Top 10 Use Cases: Empowering Network and IT Operations Management


Graph technology is the future. Not only do graph databases effectively store relationships between data points, but they’re also flexible in adding new kinds of relationships or adapting a data model to new business requirements.

But how do companies today use graph databases to solve tough problems? In this blog series, we’ll cover the top 10 use cases for graph technology and for each we include a real-world example. This blog series continues with a look at using graph technology with knowledge graphs.
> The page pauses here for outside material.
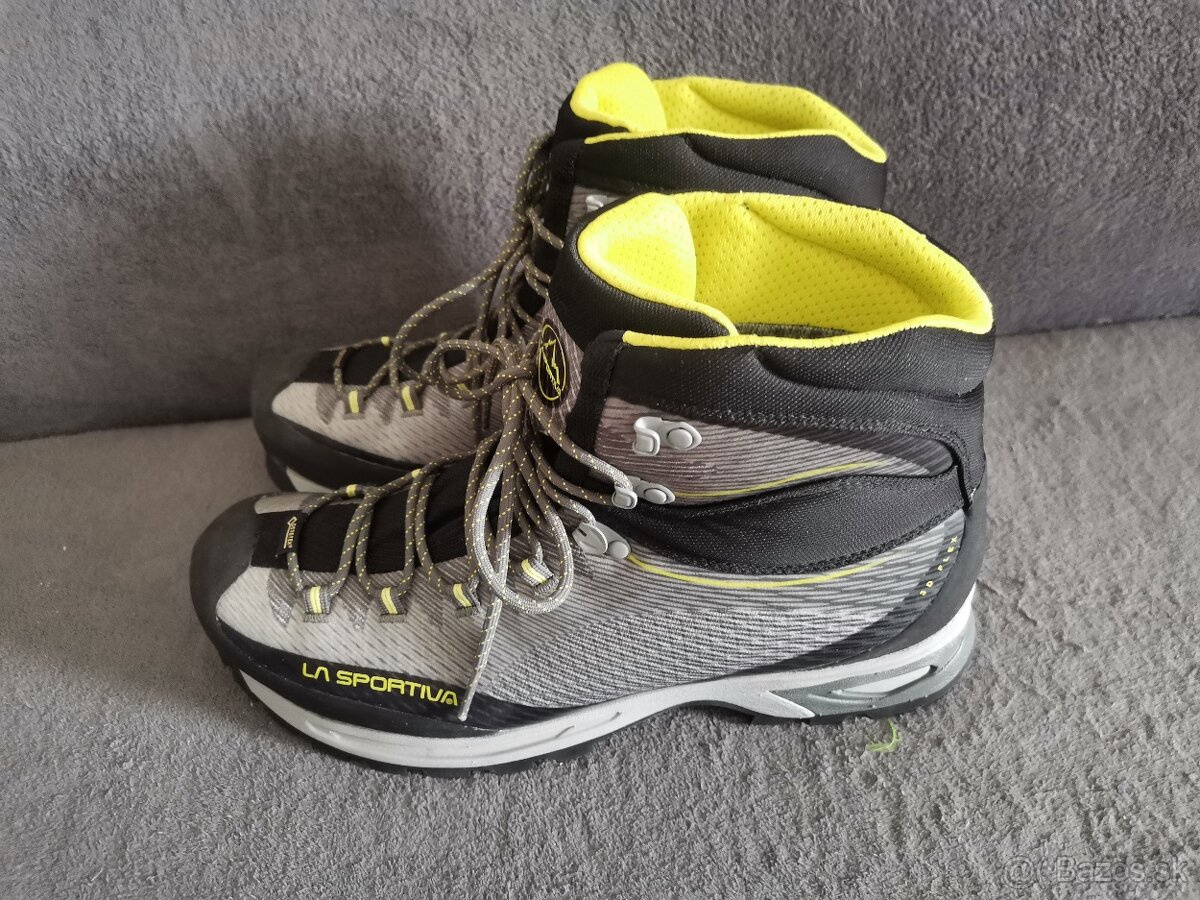 La Sportiva Trango TRK GTX veľ.47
The last blog in this series looked at the power of using graph technology for supply chain management. In this sixth blog of the ten-part series, we delve into what graph technology can do for network and IT operations management. As networks, by their very nature, are graphs, graph technology is an ideal fit for helping companies handle configuration information and create complex impact analyzes to answer vital business questions.

Use Case #6: Empowering Network and IT Operations Management


By their nature, networks are graphs. Graph databases are, therefore, an excellent fit for storing and querying network IT operational, no matter which side of the firewall your business is on.
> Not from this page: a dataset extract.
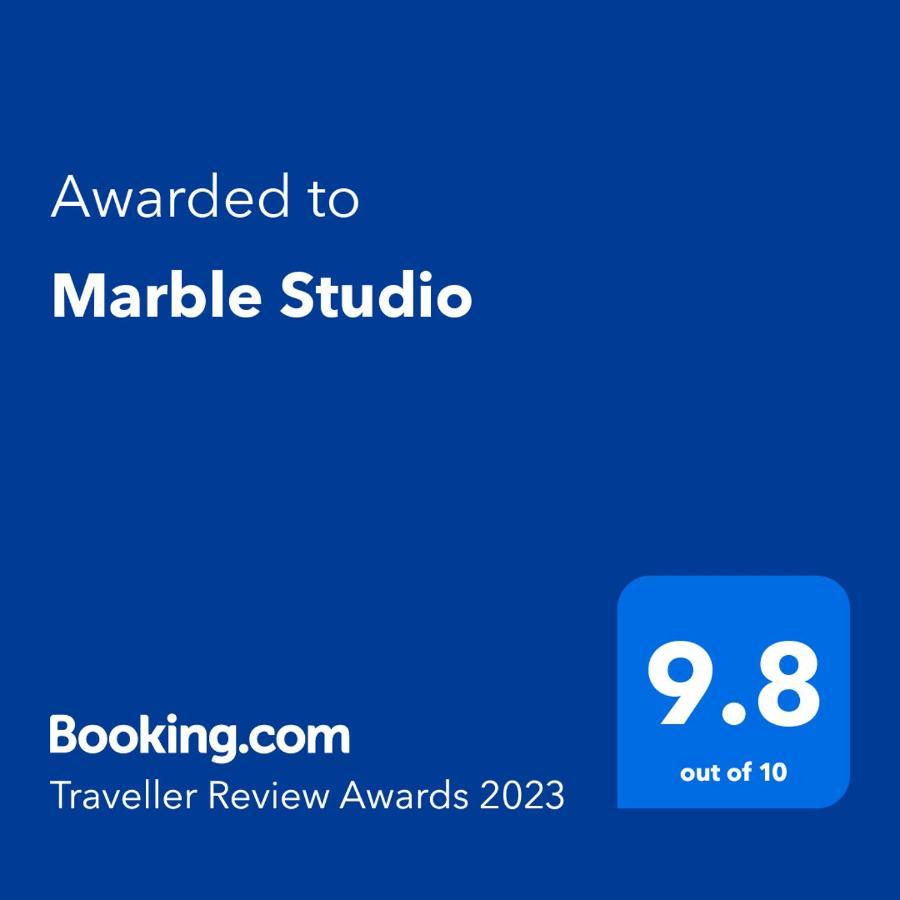 Marble Studio Bucureşti Exterior foto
Feature Image Top 10 Network and IT Ops


Today, graph databases successfully employed in the areas of telecommunications, network management, impact analysis, cloud platform management and data center and IT asset management.

In all of these domains, graph databases store configuration information. This is used in real time to alert operators to potential design flaws and shared failure modes in the infrastructure, and to reduce problem analysis and resolution times from hours to seconds.



Why Use Graph Technology for Network and IT Operations?


As with master data, a graph database is used to bring together information from disparate inventory systems, providing a single view of the network and its consumers – from the smallest network element all the way to the applications, services and customers who use them.

A graph representation of a network enables IT managers to catalog assets, visualize their deployment and identify the dependencies between the two. The graph’s connected structure enables network managers to conduct sophisticated impact analyses, answering questions like:

  • Which parts of the network – applications, services, virtual machines, physical machines, data centers, routers, switches and fiber – do particular customers depend on? (Top-down analysis)
  • Conversely, which applications, services and customers in the network will be affected if a particular network element fails? (Bottom-up analysis)
  • Is there redundancy throughout the network for the most important customers?
A graph database representation of the network can also enrich operational intelligence based on event correlations. Whenever an event correlation engine (such as a Complex Event Processor) infers a complex event from a stream of low-level network events, it assesses the impact of that event against the graph model and triggers any necessary compensating or mitigating actions.

Example: Comcast


Companies around the world have come a long way towards making homes smarter.

Smart devices send alerts when the front door is unlocked, the house alarm is disengaged, or someone is at the front door. These connected devices naturally interact with one another but often lack capabilities like natural language processing. The result is a large collection of connected devices that can’t be automated.

“A person is not just an ID. A person is a set of relationships to personal information, locations, people and devices,” said Jessica Lowing, Director of Project Management at Comcast.

Homes aren’t able to perform tasks like “turn off the lights in Lily’s room” because these requests require insight into complex semantic and social relationships. Personalization is also incredibly limited. To address these challenges, Comcast put together a team dedicated to creating and perfecting an xFi smart home prototype.

The first step was to develop rich definitions for all the terms in the Comcast profile graph.

For example, a “person” definition needed much more than a unique ID. It had to include a unique set of relationships to personal information, locations, people, and devices.

“Since people are at the center of these smart homes, they also need to be at the center of our automation,” Lowing said, “which brings us back to modeling social and semantic relationships.”

The team recognized that the real value of this rich data was the relationships between them, which would require a native graph database structure. Ultimately, the team would also need to build a shared platform at the household level.

This resulted in the Xfinity profile graph, a scalable, flexible, multi-tenant user-profile service for extending personal information and relationships across Xfinity products. It models customers’ real-life relationships, and provides context so that Xfinity applications provide a more personalized experience for users.

Conclusion


Discovering, capturing and making sense of complex interdependencies is central to effectively running network and IT operations, which is critical to running an enterprise.

Whether it’s optimizing a network or application infrastructure or providing more efficient security-related access, these problems involve a complex set of physical and human interdependencies that are challenging to manage.

The relationships between network and infrastructure elements are rarely linear or purely hierarchical. But, graph databases are designed to store that interconnected data, making it easy to translate network and IT data into actionable insights.